= Task to carry out =
The answer must consist only of the lines in the records below from the line with "Mercedes driver to" to the line with "ASICS Cap ASICS", both included, copied word for word with every picture left out.

= Extracted records =
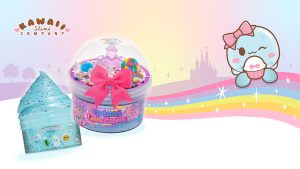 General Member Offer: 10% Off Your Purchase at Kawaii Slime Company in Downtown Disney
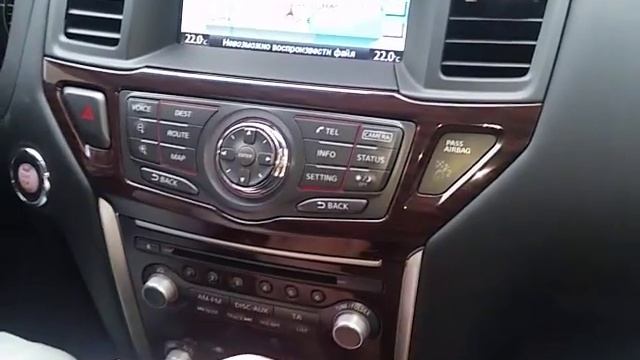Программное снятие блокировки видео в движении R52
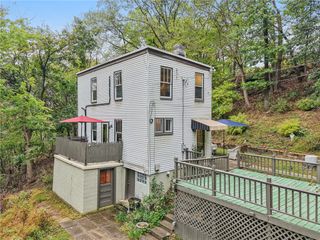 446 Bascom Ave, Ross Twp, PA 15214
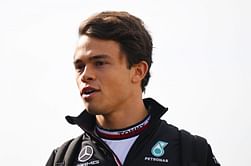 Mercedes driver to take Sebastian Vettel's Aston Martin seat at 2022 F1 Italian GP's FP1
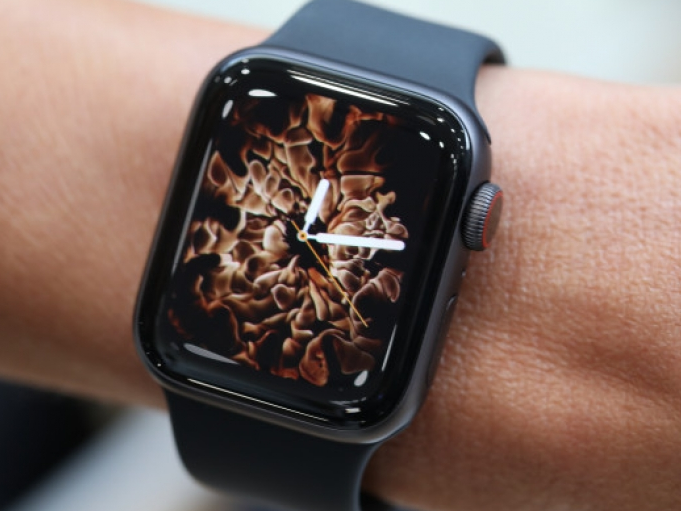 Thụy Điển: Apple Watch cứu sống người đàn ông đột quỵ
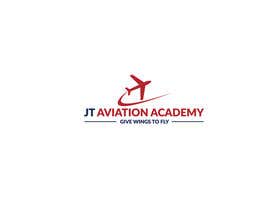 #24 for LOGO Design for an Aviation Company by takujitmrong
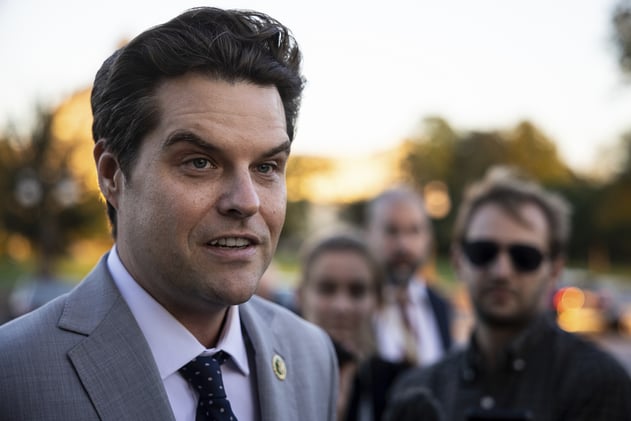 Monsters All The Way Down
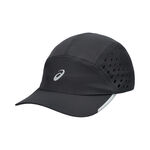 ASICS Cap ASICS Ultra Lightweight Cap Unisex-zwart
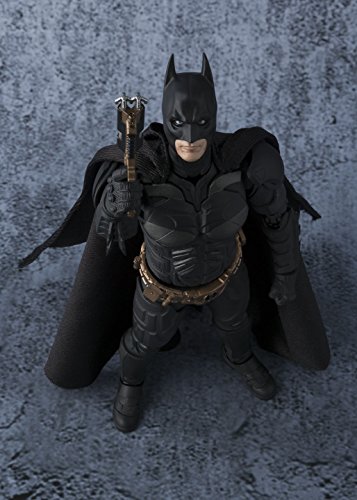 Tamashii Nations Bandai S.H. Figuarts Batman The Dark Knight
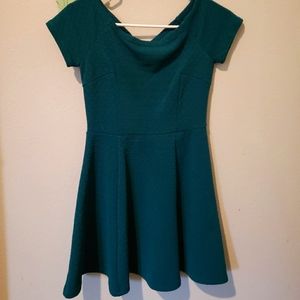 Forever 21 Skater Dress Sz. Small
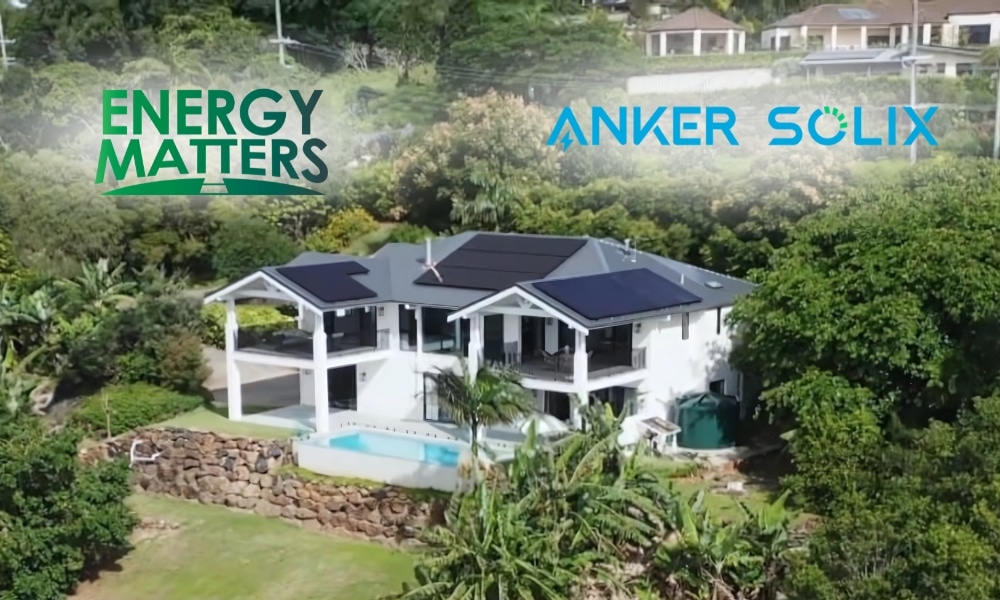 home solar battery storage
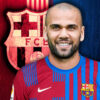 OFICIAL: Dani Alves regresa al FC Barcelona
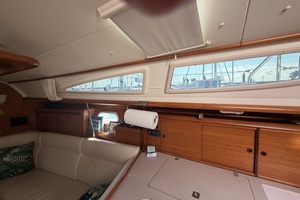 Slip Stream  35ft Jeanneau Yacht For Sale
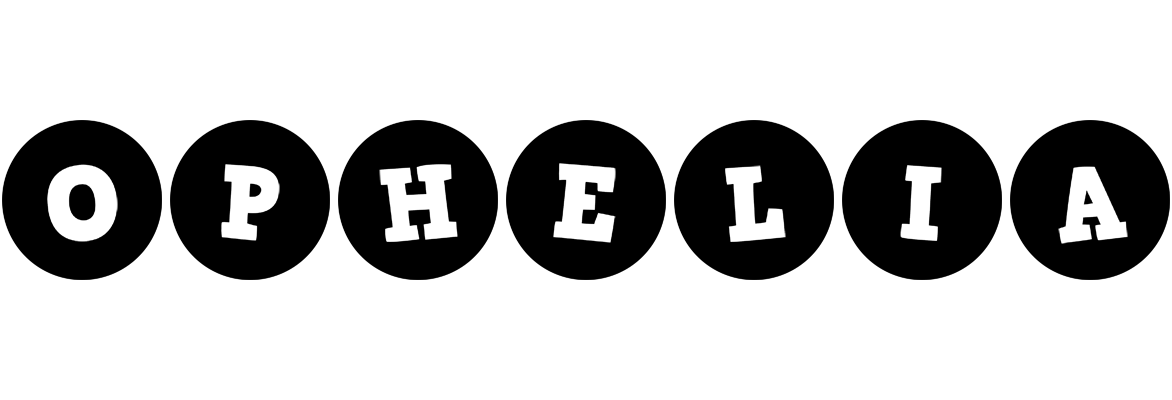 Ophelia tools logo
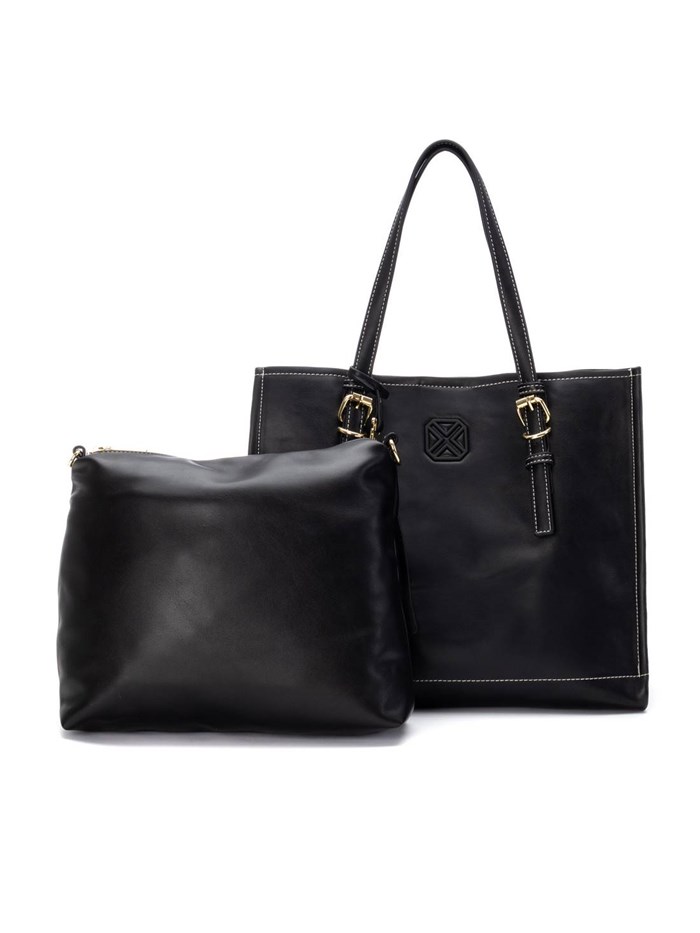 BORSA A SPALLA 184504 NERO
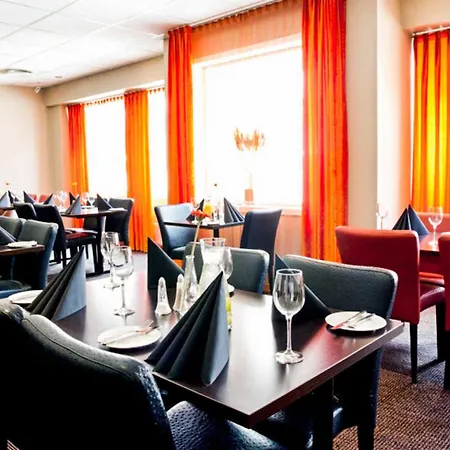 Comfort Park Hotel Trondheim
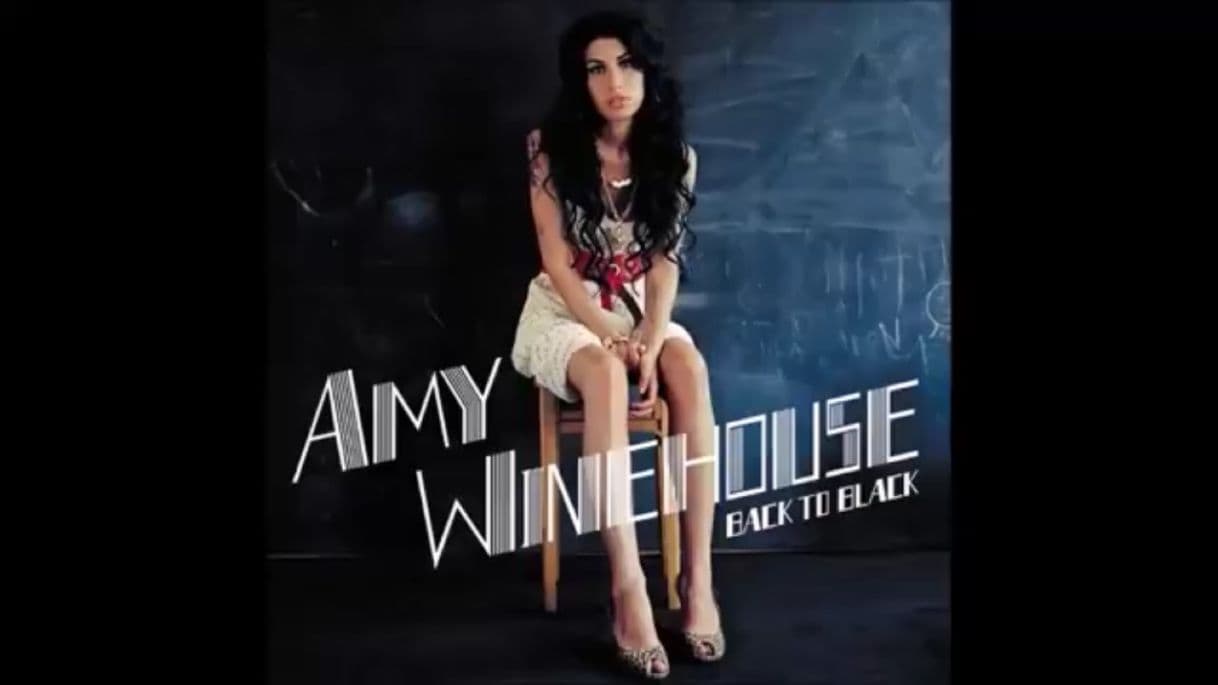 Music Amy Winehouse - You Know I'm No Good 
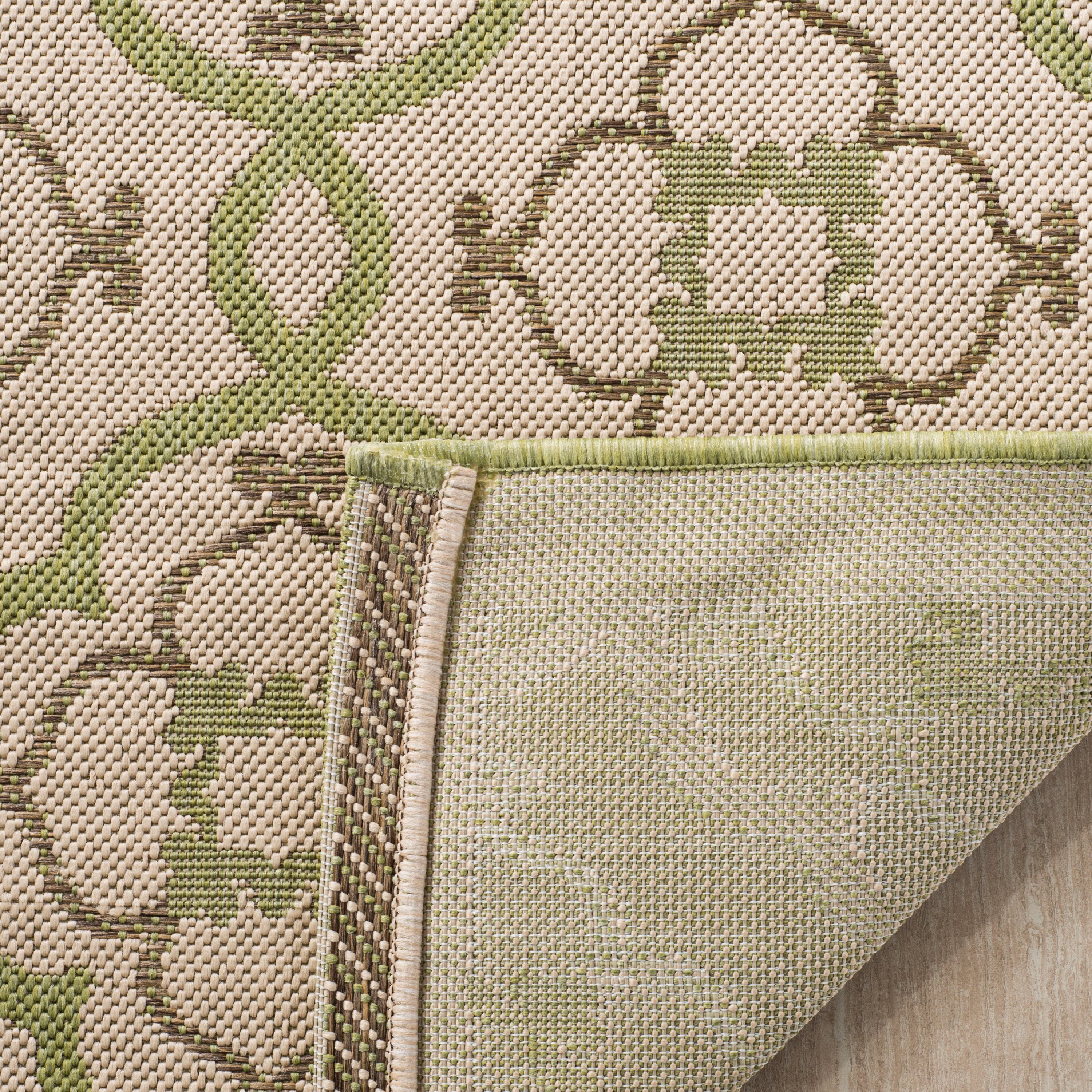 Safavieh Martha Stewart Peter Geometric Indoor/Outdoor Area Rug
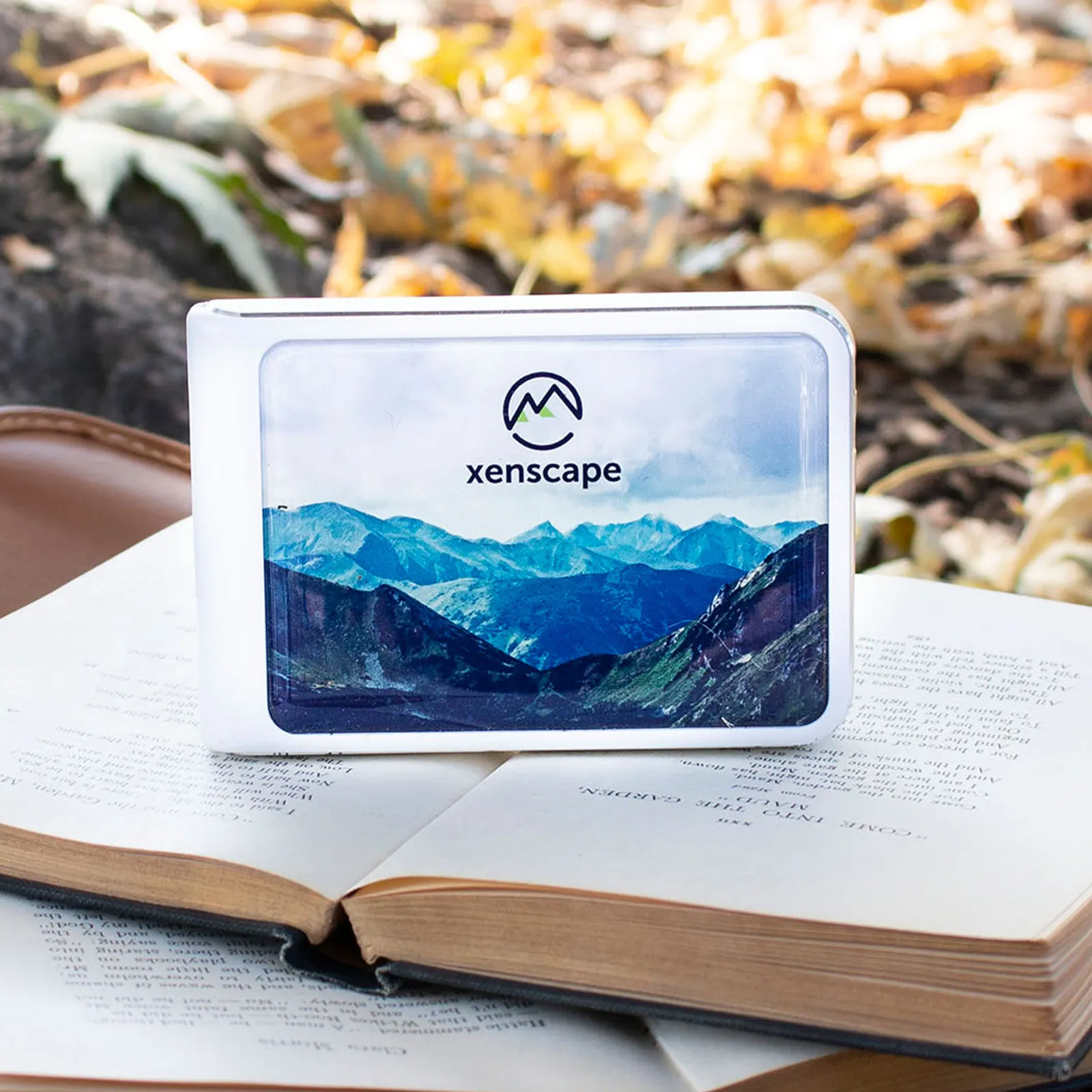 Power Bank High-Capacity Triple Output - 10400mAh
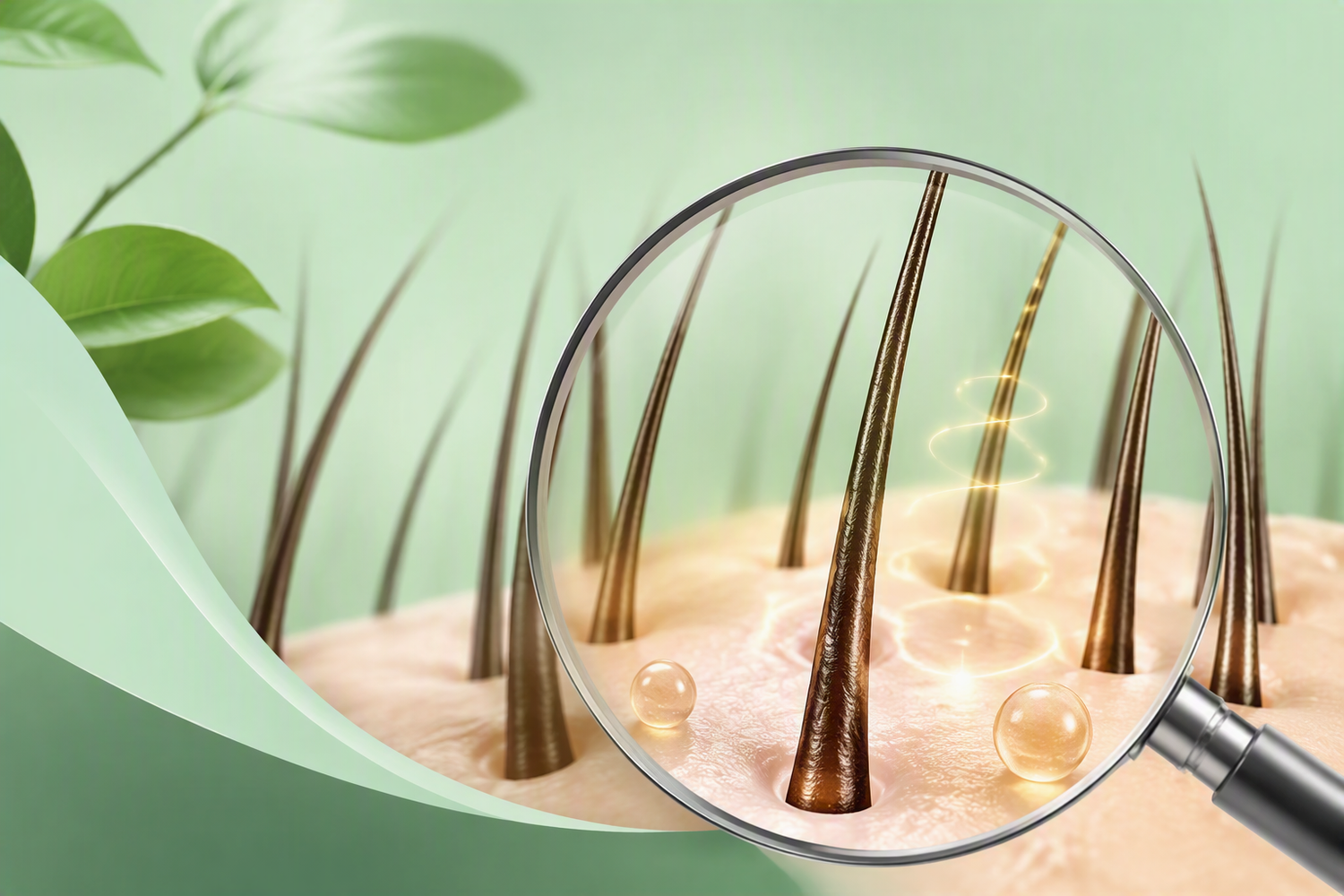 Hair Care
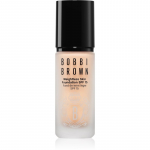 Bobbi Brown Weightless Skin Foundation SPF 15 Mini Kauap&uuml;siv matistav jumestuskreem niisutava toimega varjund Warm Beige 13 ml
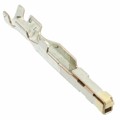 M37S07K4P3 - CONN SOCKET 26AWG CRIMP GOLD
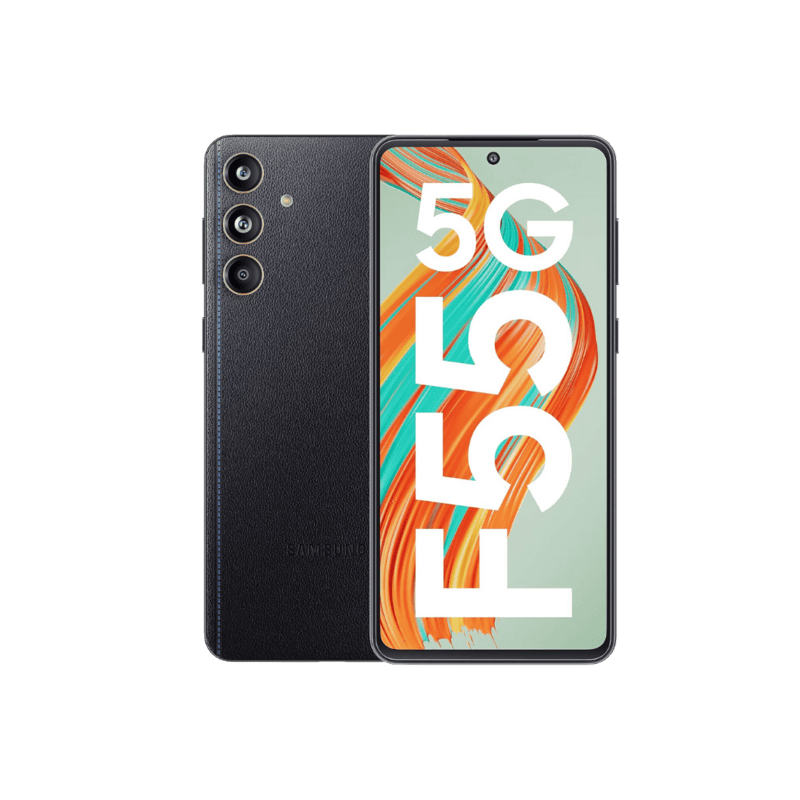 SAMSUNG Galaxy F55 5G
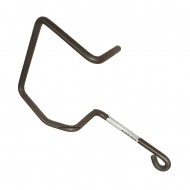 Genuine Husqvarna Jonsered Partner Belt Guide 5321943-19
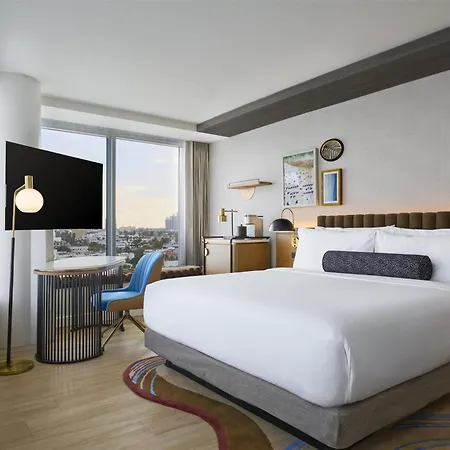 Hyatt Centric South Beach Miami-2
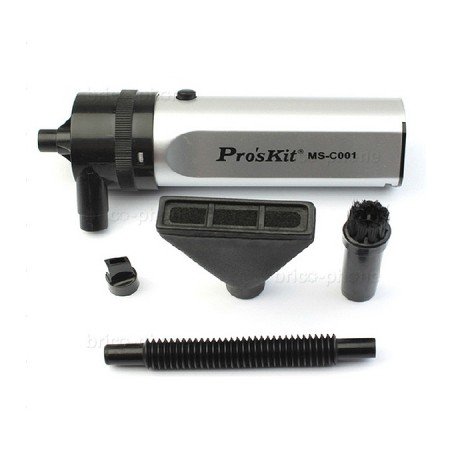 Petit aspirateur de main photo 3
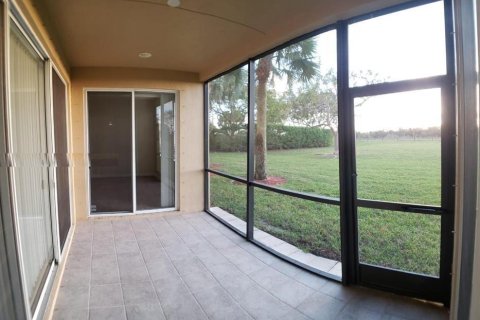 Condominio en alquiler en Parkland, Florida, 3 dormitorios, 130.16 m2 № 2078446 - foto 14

= Task solution =
 Mercedes driver to take Sebastian Vettel's Aston Martin seat at 2022 F1 Italian GP's FP1
 Thụy Điển: Apple Watch cứu sống người đàn ông đột quỵ
 #24 for LOGO Design for an Aviation Company by takujitmrong
 Monsters All The Way Down
 ASICS Cap ASICS Ultra Lightweight Cap Unisex-zwart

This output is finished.